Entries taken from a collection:
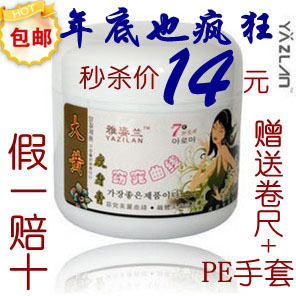 开心赚宝包邮雅姿兰 大黄膏 瘦身霜瘦身霜减肥膏减肥霜瘦腿霜正品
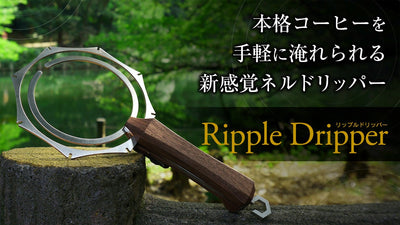 家でもアウトドアでも!場所を選ばない革新的ギア【Ripple Dripper】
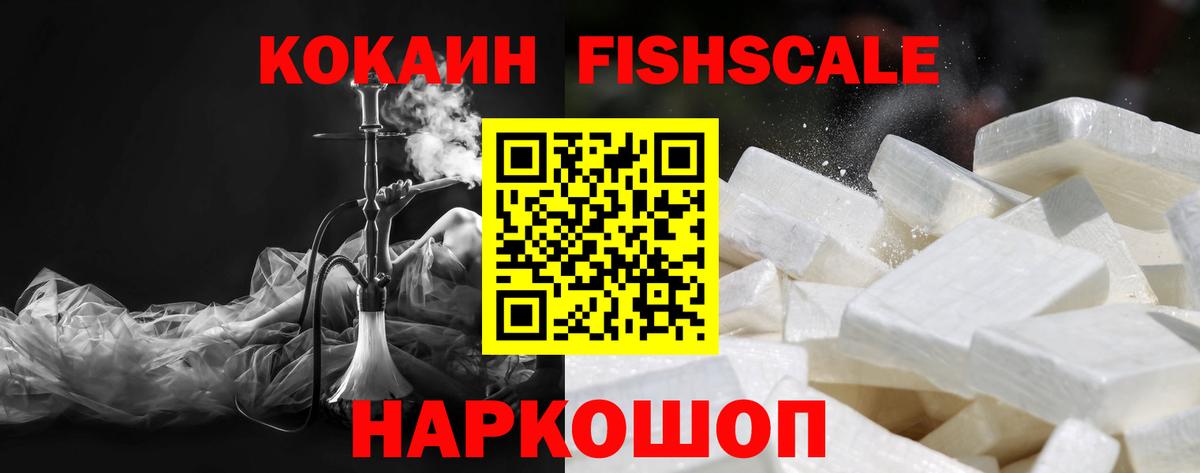 А ПВП СОЛЬ кристаллы  Вход с VPN  Мефедрон кристаллы  Дербент  ЭКСТАЗИ  ГАШИШ  ГАШ  Марихуана 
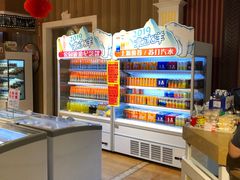 -百年义利(北兴路店)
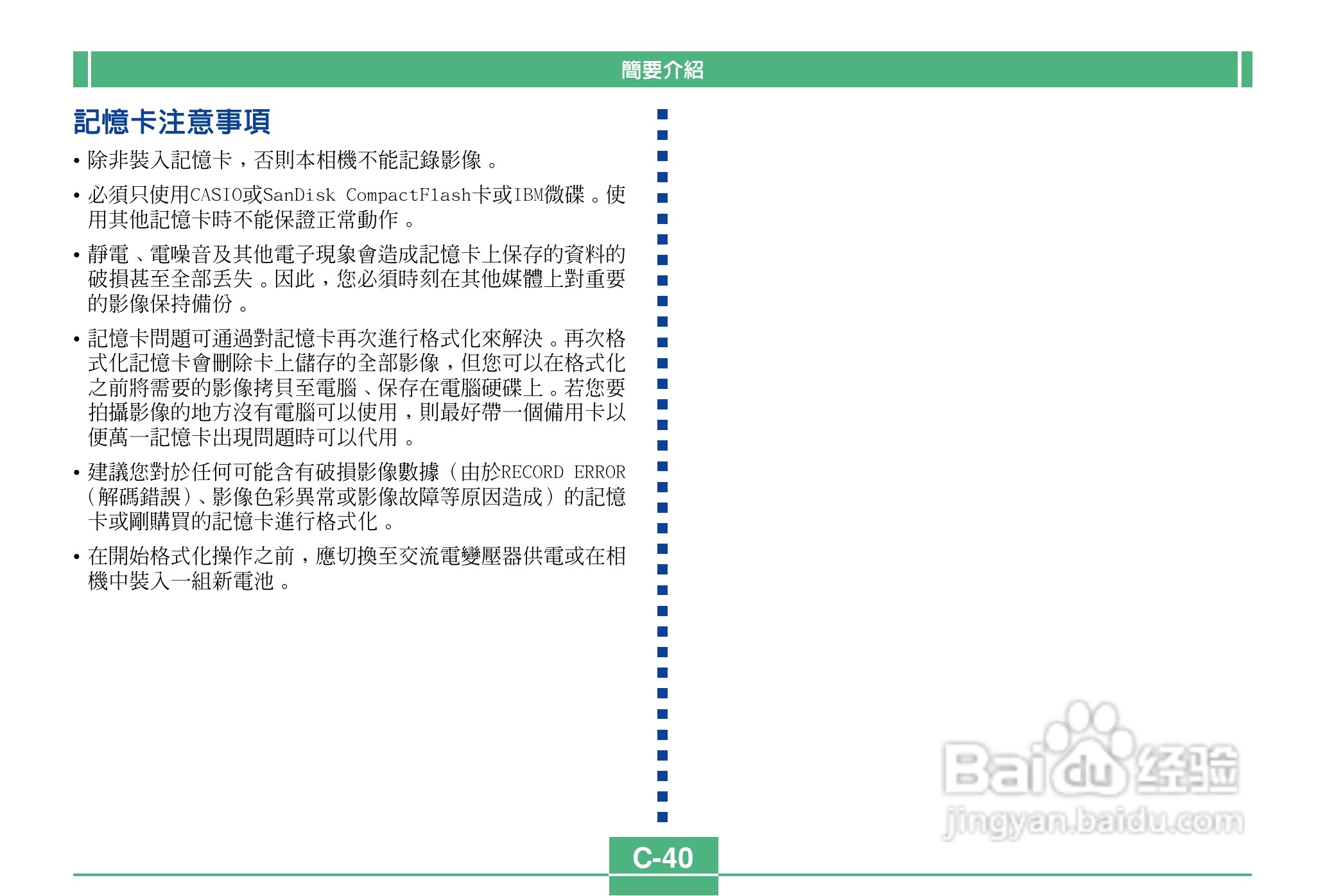卡西欧QV-4000码相机使用说明书:[4]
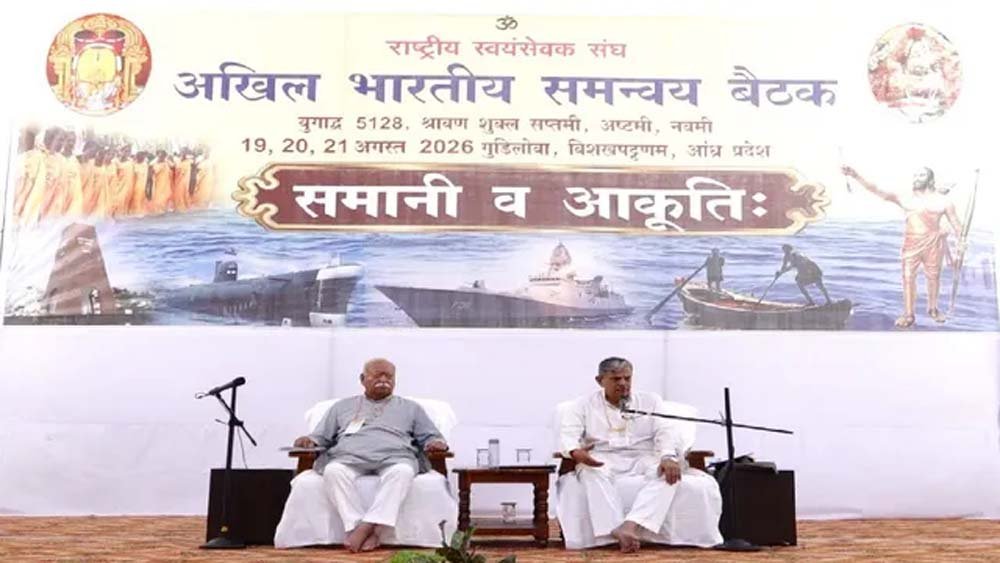 RSS की अहम बैठक शुरू, जनसंख्या असंतुलन से युवाओं तक इन मुद्दों पर होगा मंथन RSS की अहम बैठक शुरू, जनसंख्या असंतुलन से युवाओं तक इन मुद्दों पर होगा मंथन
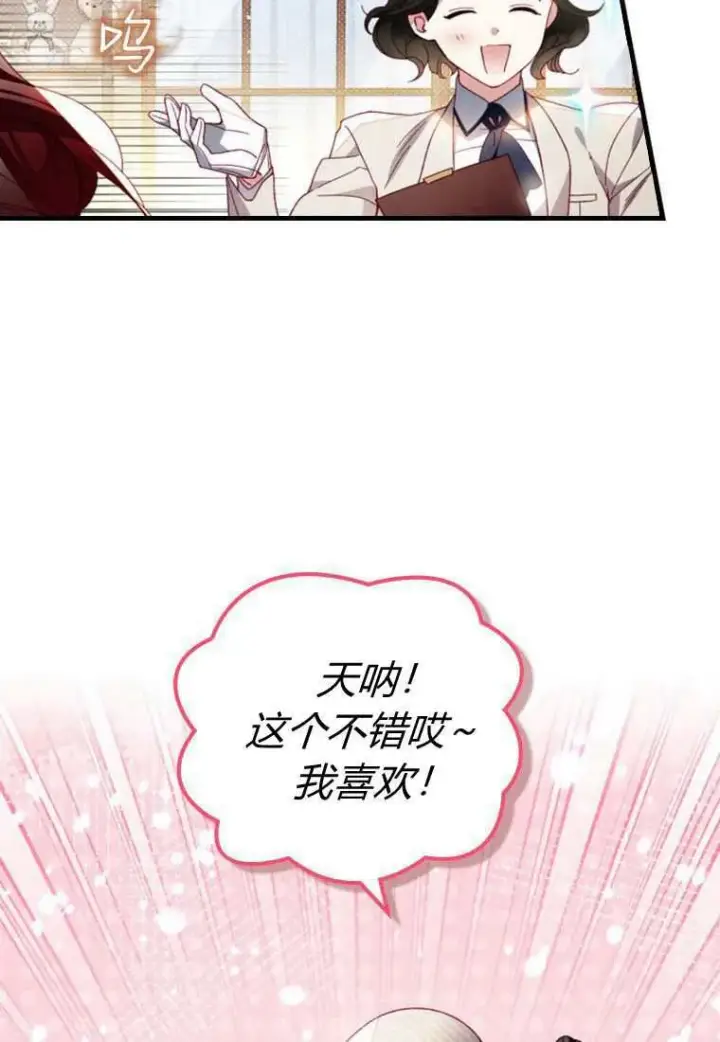 《砸钱养个未婚夫》第30话图18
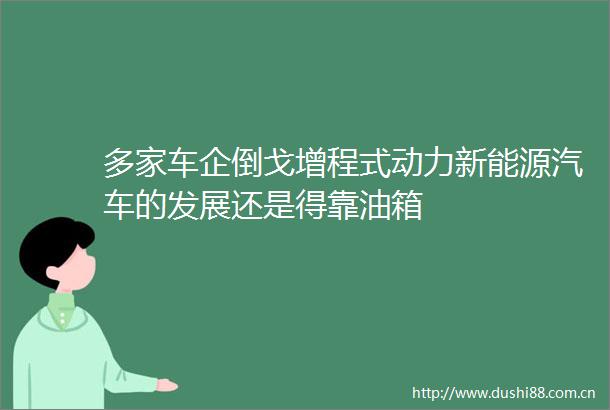 多家车企倒戈增程式动力新能源汽车的发展还是得靠油箱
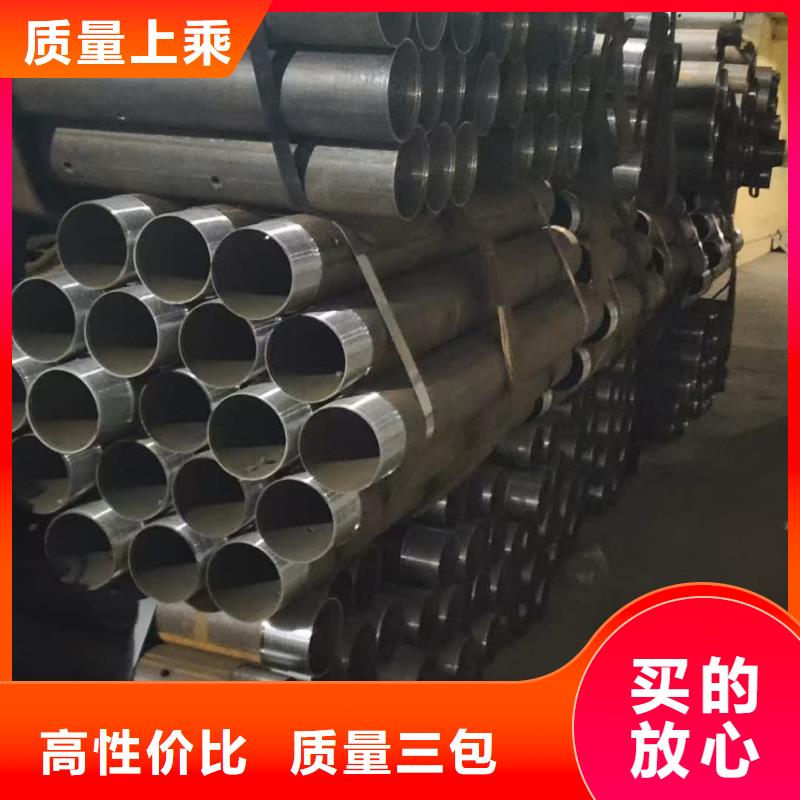 买超前小导管必看-来电咨询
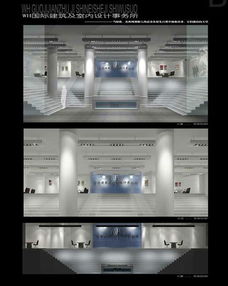 平面設(shè)計(jì)在WH國(guó)際建筑及室內(nèi)設(shè)計(jì)事務(wù)所中的角色與創(chuàng)新實(shí)踐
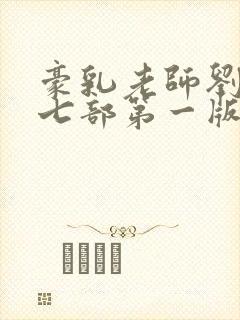 豪乳老师刘艳第七部第一版主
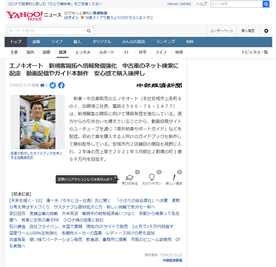 2021年7月20日　Yahoo！ニュースにエノキオート掲載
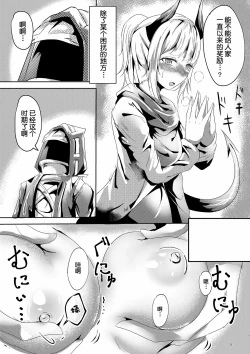 Page 6 of Majimena Kanojo no Souai Bolt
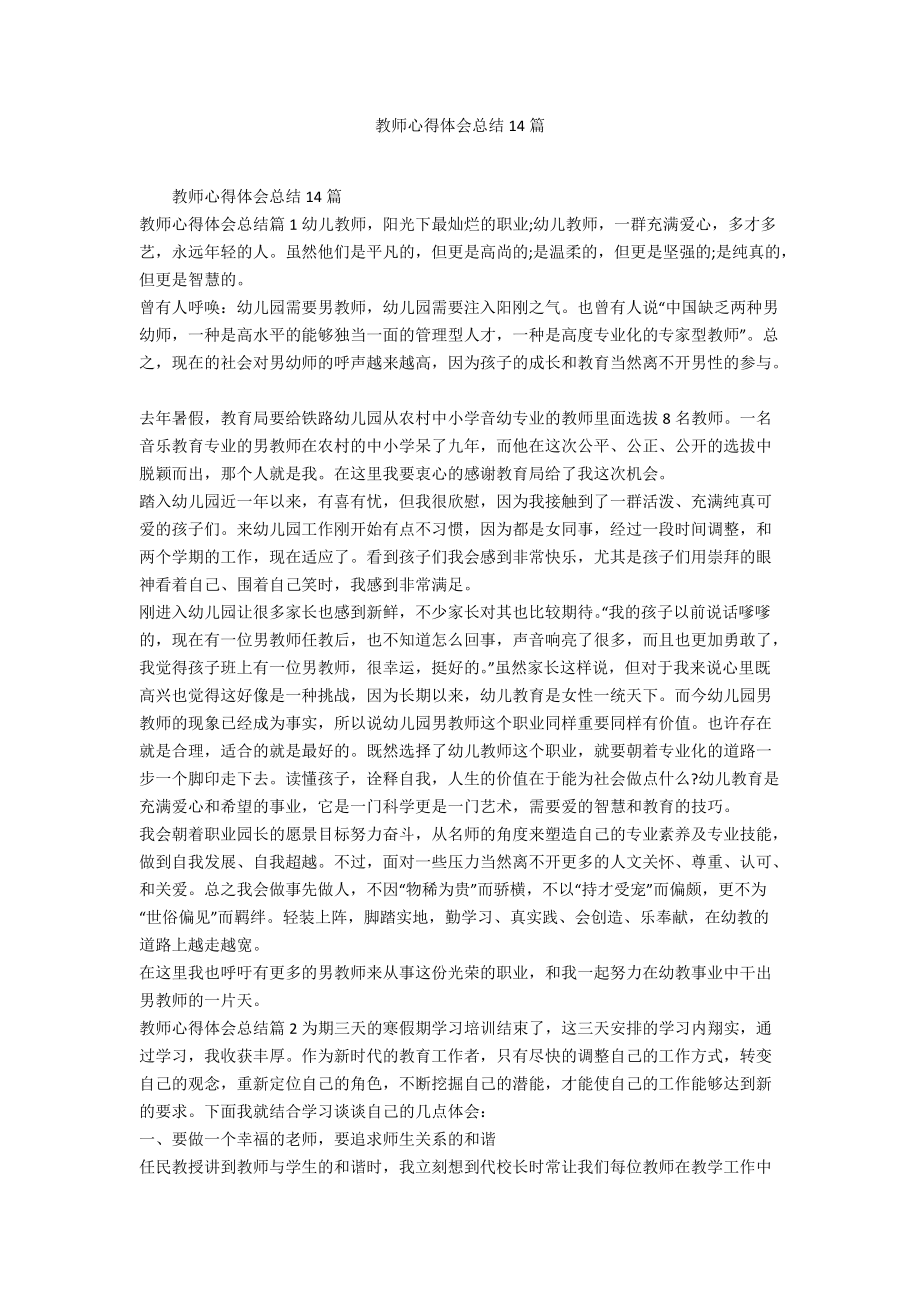 教师心得体会总结14篇_第1页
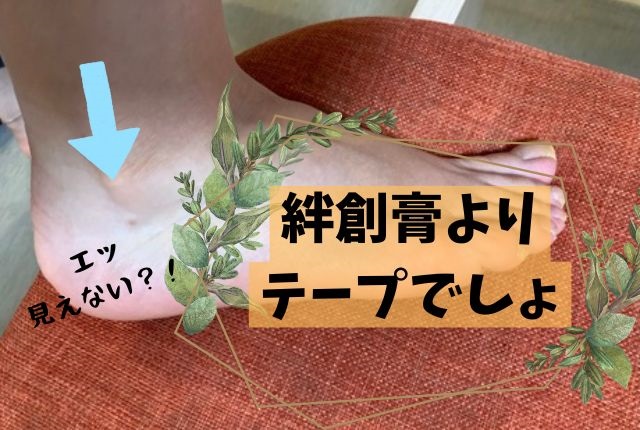 靴擦れ対策にはテープ!安いし便利でかかとから小指までOK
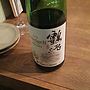 北海道ワイン 鶴沼 Zweigelt(2013)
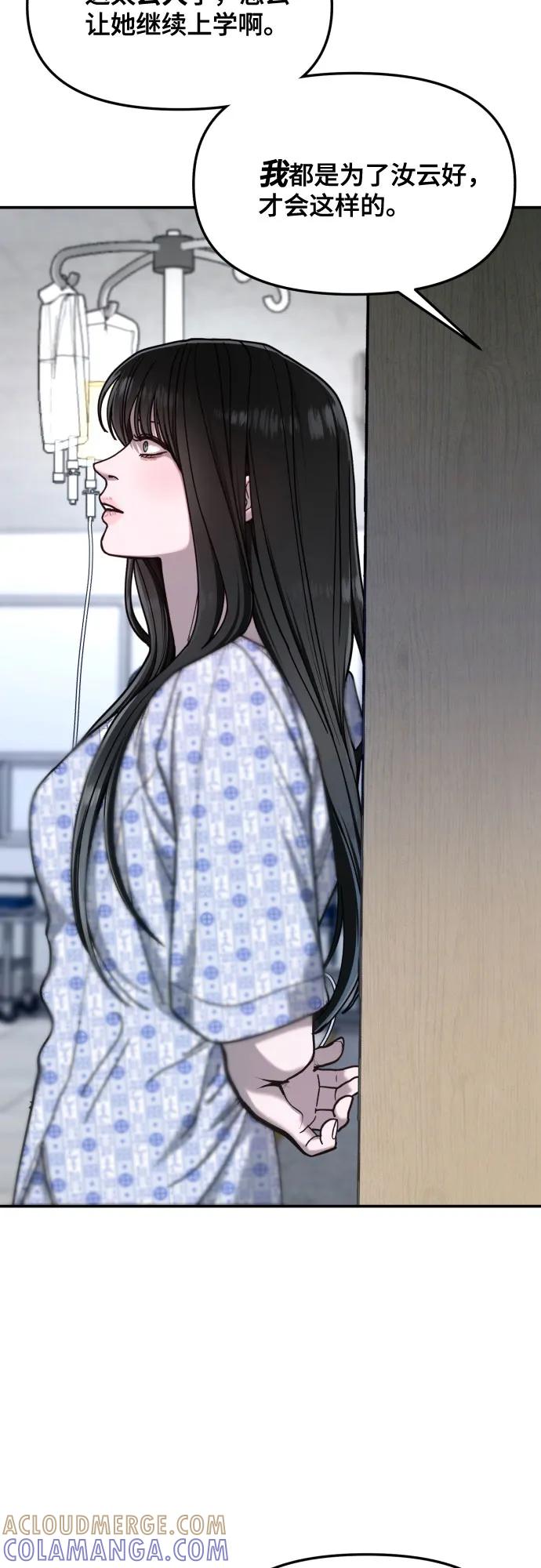 如出一辙的女儿 第168话 第16页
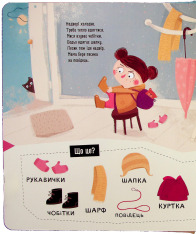 Книга Бодьо вимовляє перші слова. Фото 13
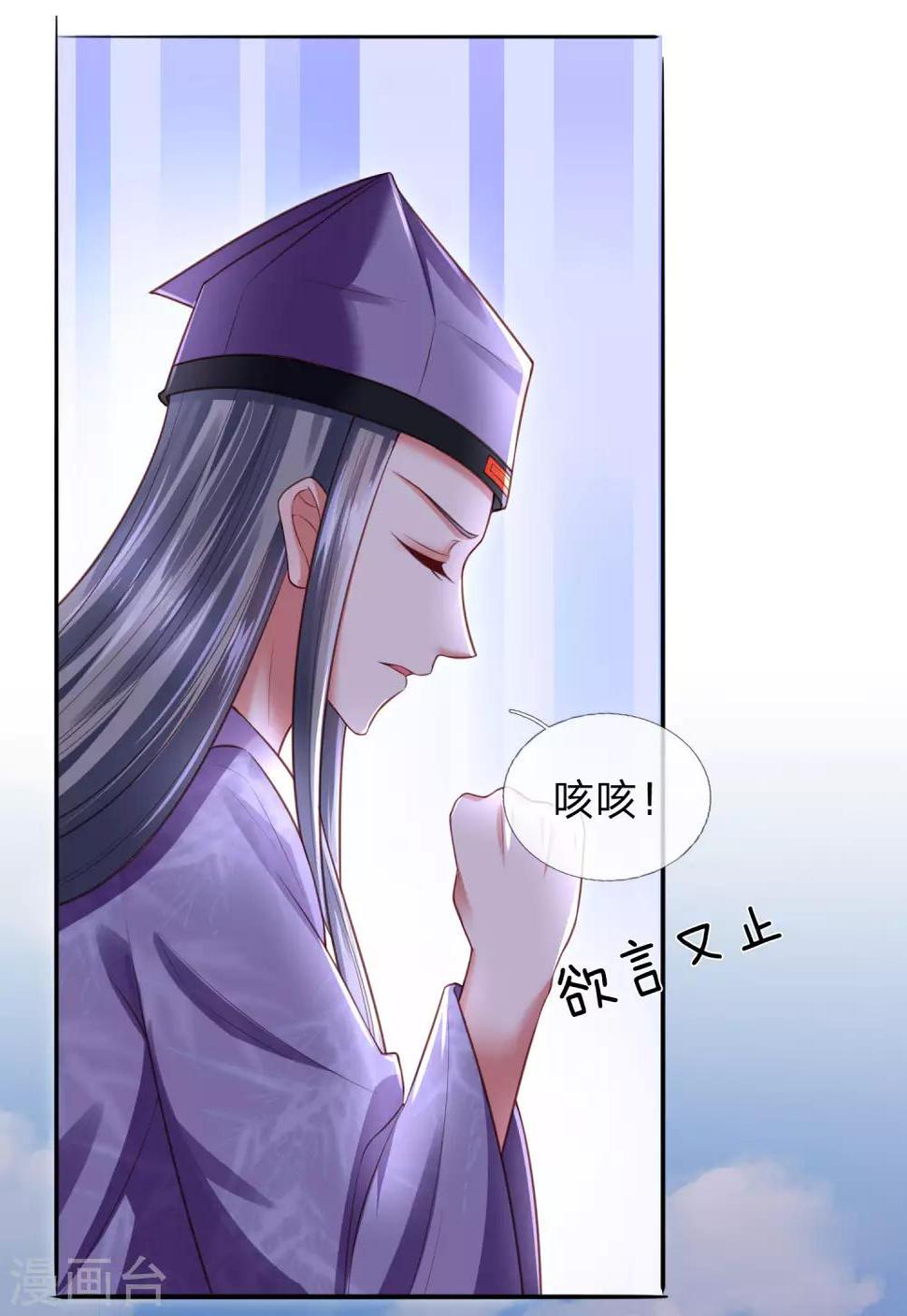 第21话 获得辛导师专宠12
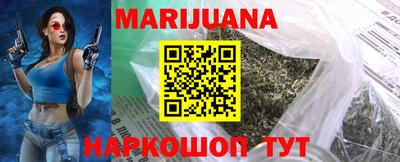 мефедрон Лесосибирск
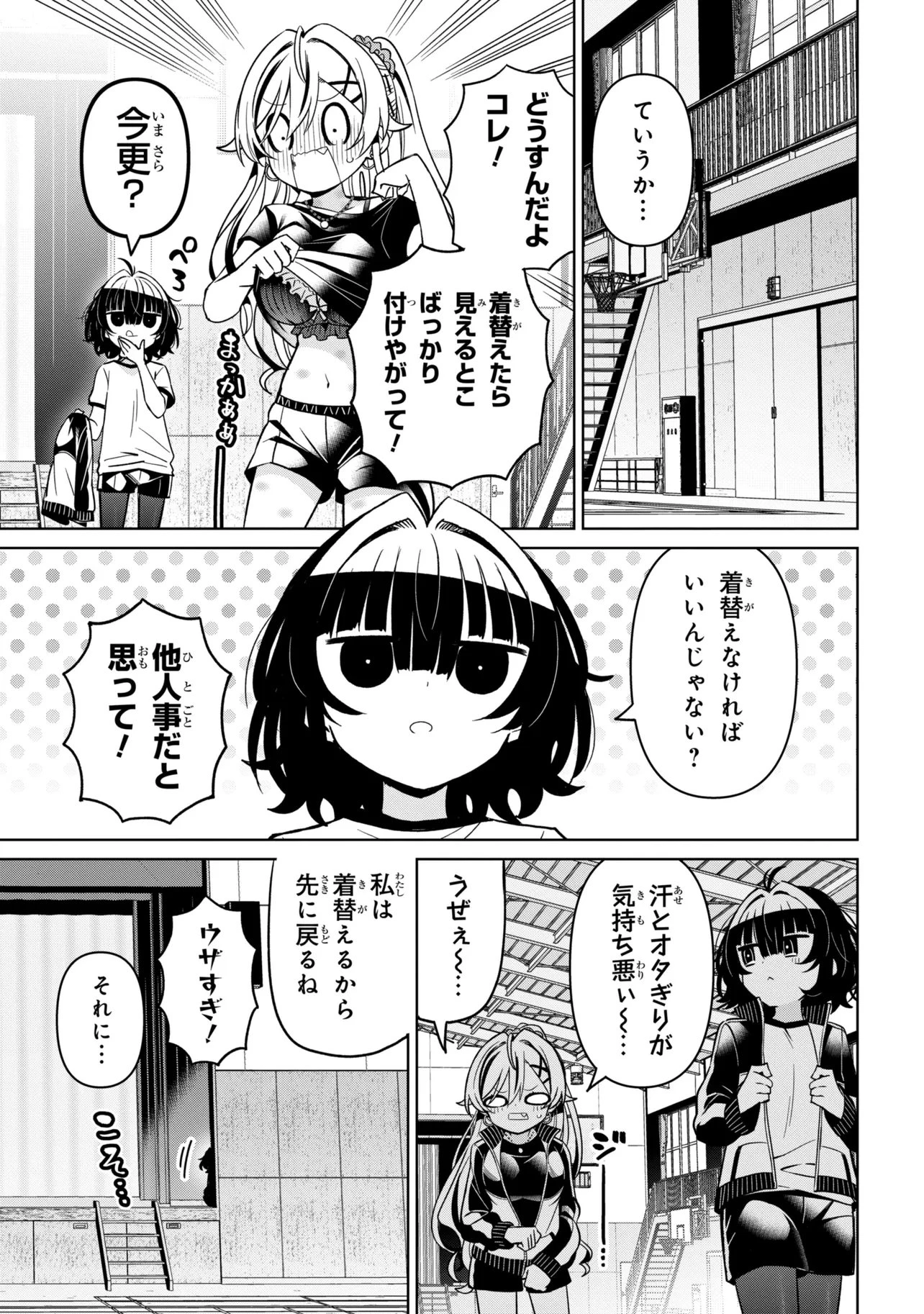 イジめてイジられて 第3話 - 13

◆ **Task to carry out**: Pictures are to be left out while the lines from the beginning of the records through the line with "买超前小导管必看-来电咨询" are copied word for word.

◆ **Exercise solution**:
 开心赚宝包邮雅姿兰 大黄膏 瘦身霜瘦身霜减肥膏减肥霜瘦腿霜正品
 家でもアウトドアでも!場所を選ばない革新的ギア【Ripple Dripper】
 А ПВП СОЛЬ кристаллы  Вход с VPN  Мефедрон кристаллы  Дербент  ЭКСТАЗИ  ГАШИШ  ГАШ  Марихуана 
 -百年义利(北兴路店)
卡西欧QV-4000码相机使用说明书:[4]
 RSS की अहम बैठक शुरू, जनसंख्या असंतुलन से युवाओं तक इन मुद्दों पर होगा मंथन RSS की अहम बैठक शुरू, जनसंख्या असंतुलन से युवाओं तक इन मुद्दों पर होगा मंथन
 《砸钱养个未婚夫》第30话图18
 多家车企倒戈增程式动力新能源汽车的发展还是得靠油箱
 买超前小导管必看-来电咨询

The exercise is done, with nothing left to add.